- **WHAT THE TASK ASKS**
Give again, word for word, the line holding "Зеленый УАЗ 31512, объемом" and every line after it through the end of the data below. Omit pictures.

- - - - -

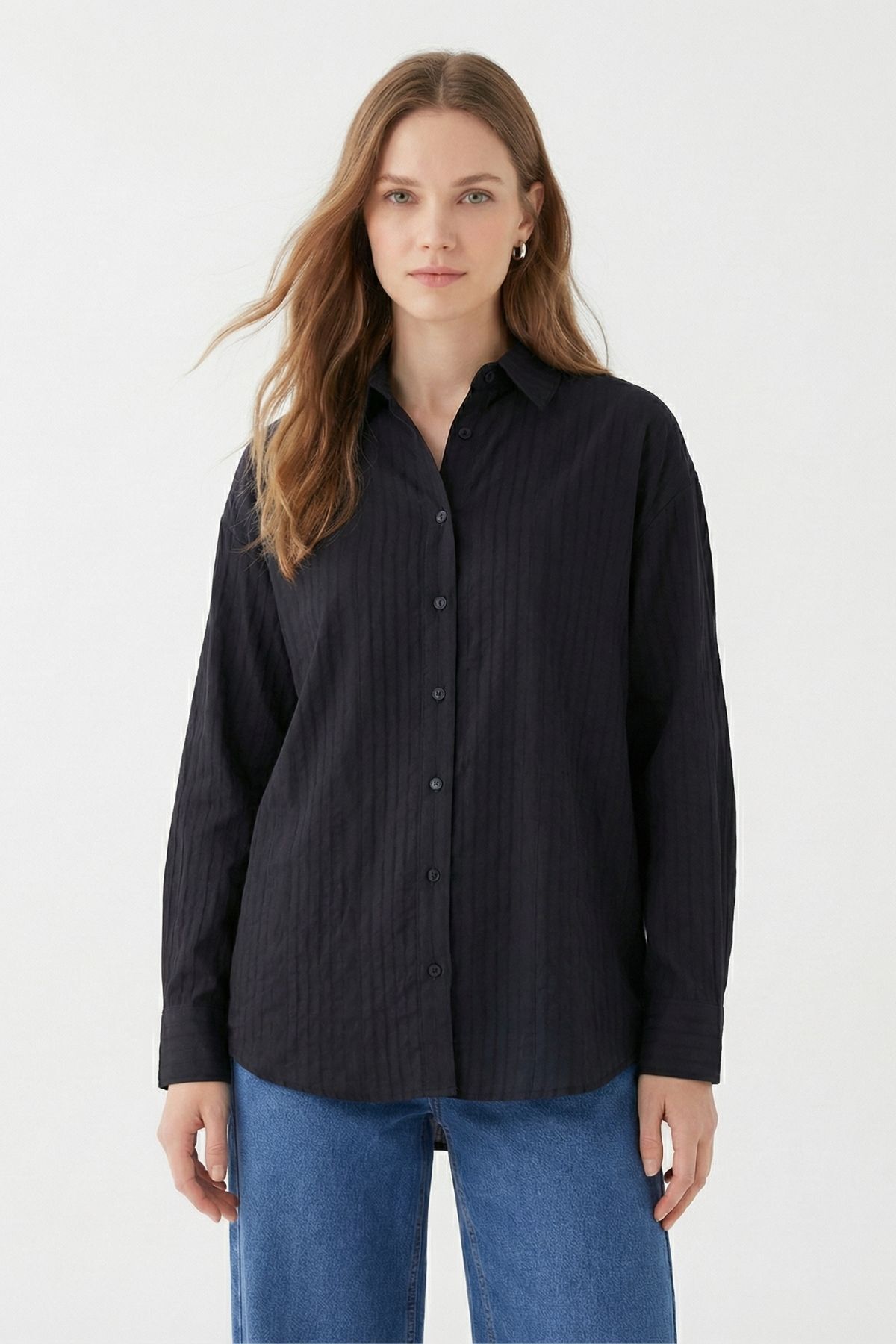 Siyah Çizgi Detay Gömlek 7517 - RAYS (1)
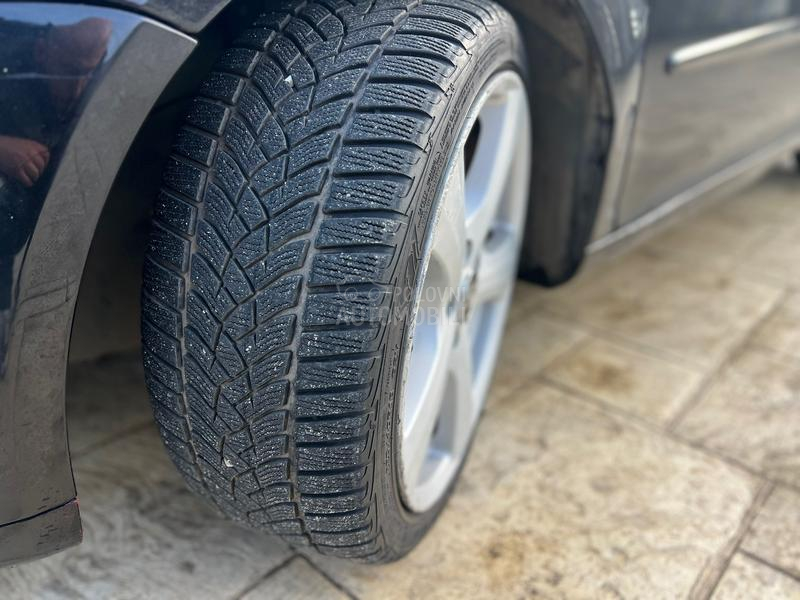 Volkswagen Golf 5 1.9tdi-DOBAR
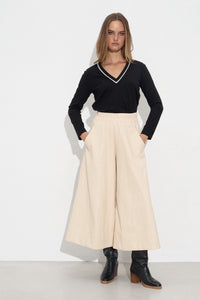 Μαύρη μπλούζα με V λαιμόκοψη και λευκή ρέλι λεπτομέρεια, Ellisargi Boutique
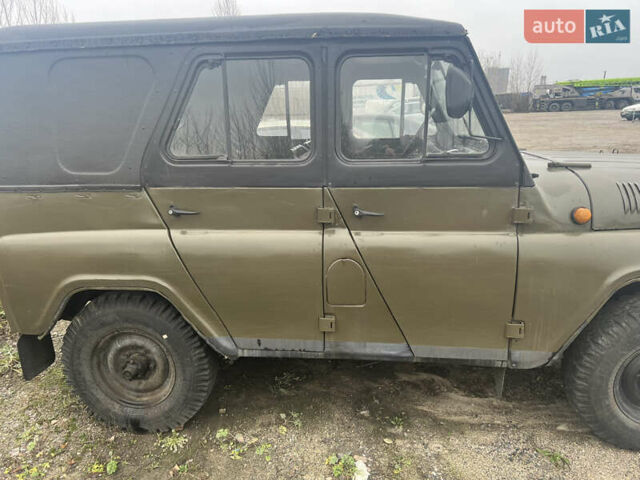 Зеленый УАЗ 31512, объемом двигателя 2.4 л и пробегом 150 тыс. км за 2200 $, фото 2 на Automoto.ua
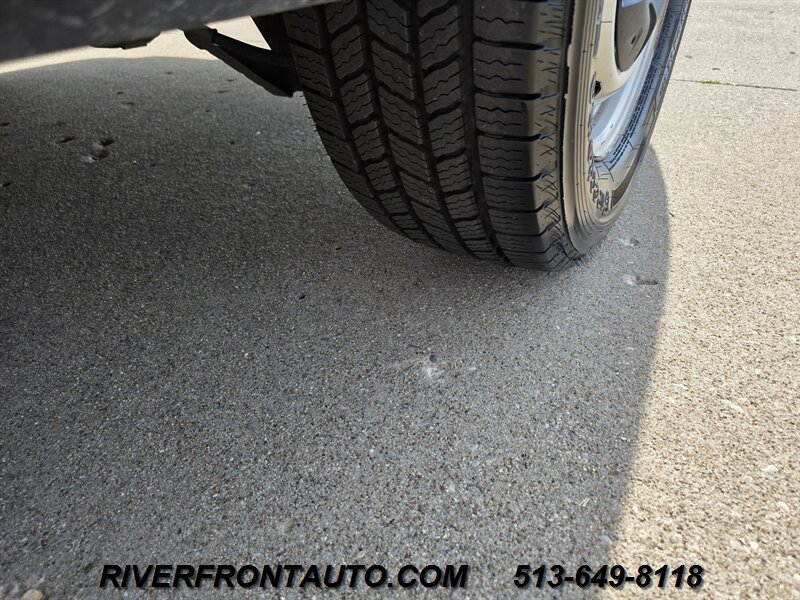 Used 2019 Ford Transit 150 130 Low Roof RWD image 19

- - - - -

- **SOLUTION**
 Зеленый УАЗ 31512, объемом двигателя 2.4 л и пробегом 150 тыс. км за 2200 $, фото 2 на Automoto.ua
 Used 2019 Ford Transit 150 130 Low Roof RWD image 19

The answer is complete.